Note: I will not be sharing answers. I do not know how to answer many of them....and evidently Rob Bell doesn't either, at least not in this book.
Warning: If you cannot handle hard questions about God and Faith, do NOT read this. Please read that last sentence again.
So, here we go:
Of all the billions of people who have ever lived, only a select number will make it to "a better place" and every single other person will suffer in torment and punishment forever? Is this acceptable to God? Has God created millions of people over tens of thousands of years who will spend eternity in anguish? Can God do this, or even allow this, and still claim to be a loving God? If there are only a select few who go to heaven, which is more terrifying to fathom: the billions who burn forever or the few who escape this fate? How does a person end up being one of the few? Chance? Luck? Random Selection? Being born in the "right" place, family or country? Having a Youth Pastor who "relates better to kids"? What kind of faith is that? More importantly, what kind of God is that?

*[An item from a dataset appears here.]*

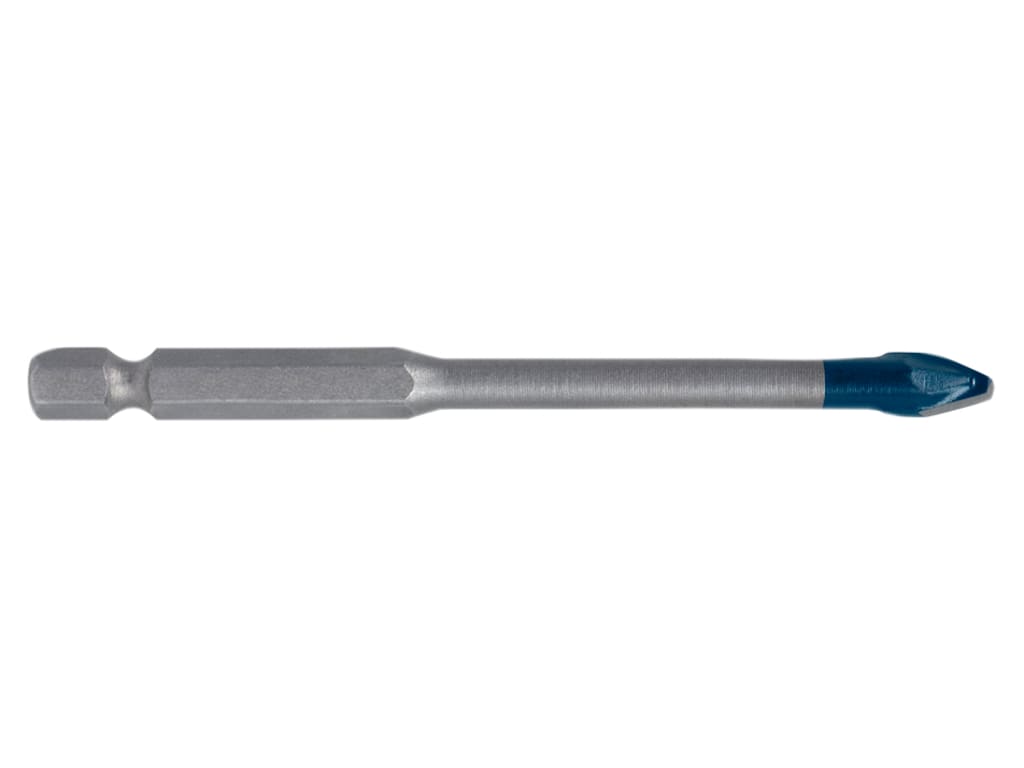 EXPERT HEX-9 Hard Ceramic Drill Bit 6 x 90mm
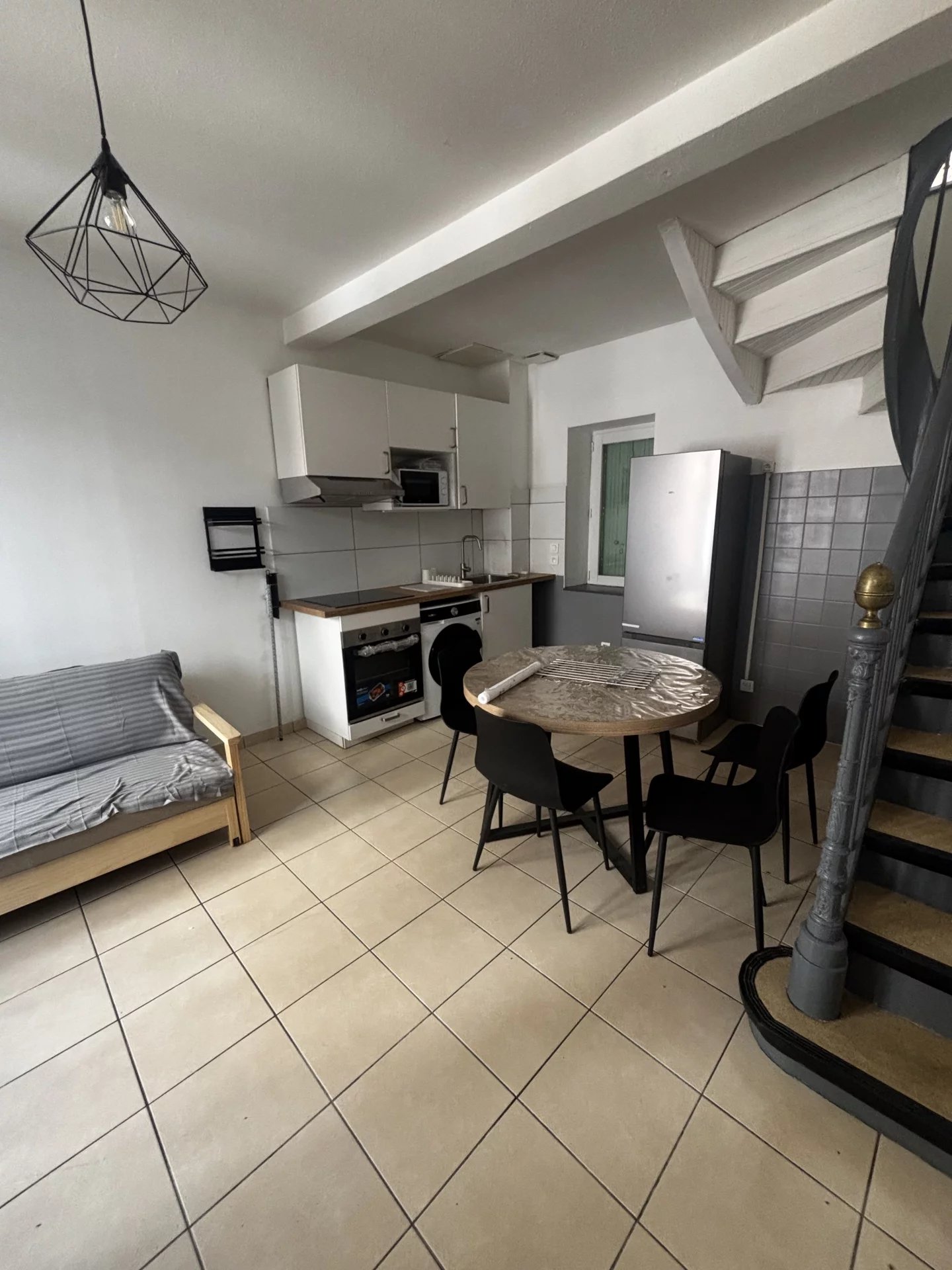 AUTERIVE - Appartement T2 meublé - image 7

Many people believe that there is an age at which people are smart enough and old enough to "believe" the "right" things about God. People often refer to this as the "age of accountability". Most think this is around 12 years old. This brings up several questions, one being the risk that every new life then faces. If every new baby born could grow up to NOT believe the right things and go to hell forever, then prematurely terminating a child's life anytime from conception to 12 years old would actually be the loving thing to do, guaranteeing that the child ends up in heaven, and not hell, forever. Why run the risk?
So, when a 15 year old atheist dies in a car accident, and missed his chance by 3 years, what happens? Was God limited to that 3 year window and if the message did not get to that young man in time, well, that is just unfortunate? And what exactly would have had to happen in that three-year window to change his future? Would he have had to perform a specific rite or ritual? Or take a class? Or be baptized? Or join a church? Or have something happen somewhere in his heart?
Some believe he would have had to say a specific prayer. Christians don't agree on exactly what this prayer is, but for many the essential idea is that the only way to get into heaven is to pray at some point in your life, asking God to forgive you and telling God that you accept Jesus, you believe Jesus died on the cross to pay the price for your sins, and you want to go to heaven when you die. Some call this "accepting Christ," others call it the "sinner's prayer," and still others call it "getting saved," being "born again," or being "converted."
That, of course, raises more questions. What about people who have said some form of "the prayer" at some point in their life, but it means nothing to them today? What about those who said it in a highly emotionally charged environment like a youth camp or church service because it was the thing to do, but were unaware of the significance of what they were doing? What about people who have never said the prayer and don't claim to be Christians, but live a more Christlike life than some Christians?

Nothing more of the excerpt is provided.